Die Perspektive Deutsches Kino ist in Sachen politischer Aktualität in diesem Jahr allen anderen Sektionen weit voraus. Der Dokumentarfilm STUTTGART 21 – DENK MAL! findet seinen Weg direkt aus dem Schneideraum auf die Berlinale zu seiner Uraufführung bei der Perspektive Deutsches Kino: Freitag, 18. Februar, um 16.30 Uhr im Cinemaxx 3 am Potsdamer Platz.

Die beiden jungen Filmemacher Lisa Sperling und Florian Kläger zeigen in ihrem Regiedebüt STUTTGART 21 - DENK MAL! die Entwicklung einer der größten Bürgerinitiativen in Deutschland seit vielen Jahren. Im Anschluss an den Film findet eine Diskussionsrunde mit den Filmemachern, Produzent Peter Rommel, Publikum und Gästen über Bürgerprotest und sich veränderndes Demokratieverständnis statt.

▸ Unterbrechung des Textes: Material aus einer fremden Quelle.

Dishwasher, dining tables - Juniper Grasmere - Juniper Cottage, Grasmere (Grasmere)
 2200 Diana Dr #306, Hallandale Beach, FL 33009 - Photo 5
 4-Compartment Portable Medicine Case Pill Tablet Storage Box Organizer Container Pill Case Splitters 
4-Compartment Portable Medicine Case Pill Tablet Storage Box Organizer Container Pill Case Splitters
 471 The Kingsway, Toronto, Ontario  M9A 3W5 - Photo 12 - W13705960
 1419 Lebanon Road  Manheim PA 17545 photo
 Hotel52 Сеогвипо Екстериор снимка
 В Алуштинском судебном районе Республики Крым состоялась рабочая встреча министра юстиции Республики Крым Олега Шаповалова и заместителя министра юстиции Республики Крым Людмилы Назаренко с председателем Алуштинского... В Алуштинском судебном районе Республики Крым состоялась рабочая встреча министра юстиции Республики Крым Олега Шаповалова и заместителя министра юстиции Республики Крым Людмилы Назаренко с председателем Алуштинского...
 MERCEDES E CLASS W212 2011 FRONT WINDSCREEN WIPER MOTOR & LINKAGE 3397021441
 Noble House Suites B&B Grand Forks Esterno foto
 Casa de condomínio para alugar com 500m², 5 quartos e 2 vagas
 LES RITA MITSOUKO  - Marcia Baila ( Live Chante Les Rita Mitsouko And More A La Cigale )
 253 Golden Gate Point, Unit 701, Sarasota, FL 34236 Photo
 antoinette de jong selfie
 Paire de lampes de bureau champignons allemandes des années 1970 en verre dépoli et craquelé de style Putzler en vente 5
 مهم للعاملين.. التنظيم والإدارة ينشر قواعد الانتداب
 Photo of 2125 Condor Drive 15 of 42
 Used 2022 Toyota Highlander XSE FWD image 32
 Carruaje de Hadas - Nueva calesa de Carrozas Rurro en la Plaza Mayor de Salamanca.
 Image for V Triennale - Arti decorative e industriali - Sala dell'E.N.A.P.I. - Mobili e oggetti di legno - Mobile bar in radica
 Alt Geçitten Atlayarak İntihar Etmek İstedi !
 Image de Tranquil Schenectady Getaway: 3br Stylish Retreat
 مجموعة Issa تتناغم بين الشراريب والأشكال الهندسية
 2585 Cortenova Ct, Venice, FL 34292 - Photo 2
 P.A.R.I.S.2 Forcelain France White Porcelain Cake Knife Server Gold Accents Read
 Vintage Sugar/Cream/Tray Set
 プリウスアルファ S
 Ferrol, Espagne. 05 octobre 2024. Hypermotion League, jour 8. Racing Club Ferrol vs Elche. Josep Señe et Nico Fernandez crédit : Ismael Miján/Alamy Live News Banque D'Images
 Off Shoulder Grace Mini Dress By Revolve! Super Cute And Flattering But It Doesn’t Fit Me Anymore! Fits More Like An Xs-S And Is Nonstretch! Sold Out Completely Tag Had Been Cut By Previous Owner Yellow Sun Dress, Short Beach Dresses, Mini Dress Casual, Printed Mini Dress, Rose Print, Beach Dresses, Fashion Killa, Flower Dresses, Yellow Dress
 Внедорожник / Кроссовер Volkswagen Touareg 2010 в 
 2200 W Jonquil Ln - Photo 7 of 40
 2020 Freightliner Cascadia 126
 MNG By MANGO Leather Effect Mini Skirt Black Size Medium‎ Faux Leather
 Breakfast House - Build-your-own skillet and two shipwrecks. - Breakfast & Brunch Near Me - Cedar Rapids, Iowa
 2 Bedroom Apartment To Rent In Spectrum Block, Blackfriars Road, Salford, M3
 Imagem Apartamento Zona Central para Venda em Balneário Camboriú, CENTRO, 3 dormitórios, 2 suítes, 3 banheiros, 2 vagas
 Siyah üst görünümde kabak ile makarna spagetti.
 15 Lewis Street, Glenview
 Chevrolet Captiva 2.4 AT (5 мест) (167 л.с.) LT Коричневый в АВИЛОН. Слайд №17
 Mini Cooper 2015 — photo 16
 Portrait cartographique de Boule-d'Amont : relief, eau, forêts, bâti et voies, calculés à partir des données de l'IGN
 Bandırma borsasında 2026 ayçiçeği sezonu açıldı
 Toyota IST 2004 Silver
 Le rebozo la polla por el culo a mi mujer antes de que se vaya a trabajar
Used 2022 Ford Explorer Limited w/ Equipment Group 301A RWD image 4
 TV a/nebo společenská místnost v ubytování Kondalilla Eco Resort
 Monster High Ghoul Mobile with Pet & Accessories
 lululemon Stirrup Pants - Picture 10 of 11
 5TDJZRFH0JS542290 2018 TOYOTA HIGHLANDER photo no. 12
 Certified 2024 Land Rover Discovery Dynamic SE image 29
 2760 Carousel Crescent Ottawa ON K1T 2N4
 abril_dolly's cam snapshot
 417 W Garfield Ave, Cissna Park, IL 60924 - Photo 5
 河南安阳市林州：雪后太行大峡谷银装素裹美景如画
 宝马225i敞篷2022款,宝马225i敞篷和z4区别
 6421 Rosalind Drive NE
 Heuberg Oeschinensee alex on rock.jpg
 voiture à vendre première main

Sechs Spielfilme und fünf Dokus bei der 10. Perspektive

Die Perspektive Deutsches Kino geht mit elf Filmen – allesamt Weltpremieren – in ihr zehntes Jahr. Auf dem Perspektive-Programm der Berlinale 2011 stehen sechs Spielfilme und fünf Dokumentarfilme. Dabei sind auch wieder einige sogenannte mittellange Filme. Die Perspektive wird 2011 zum zweiten Mal von einem Dokumentarfilm eröffnet. Das Thema: deutscher Punk aus Hamburg. In ihrem Regiedebut mit dem Titel UTOPIA LTD. folgt Sandra Trostel der Band 1000 Robota, die seit 2008 eine EP und zwei Alben veröffentlicht hat, von den Anfängen auf dem Weg ins Musikbusiness.
Zwei Filme der Perspektive nehmen erstmals am Wettbewerb „Bester Erstlingsfilm“ teil: DIE AUSBILDUNG von Dirk Lütter und LOLLIPOP MONSTER von Ziska Riemann.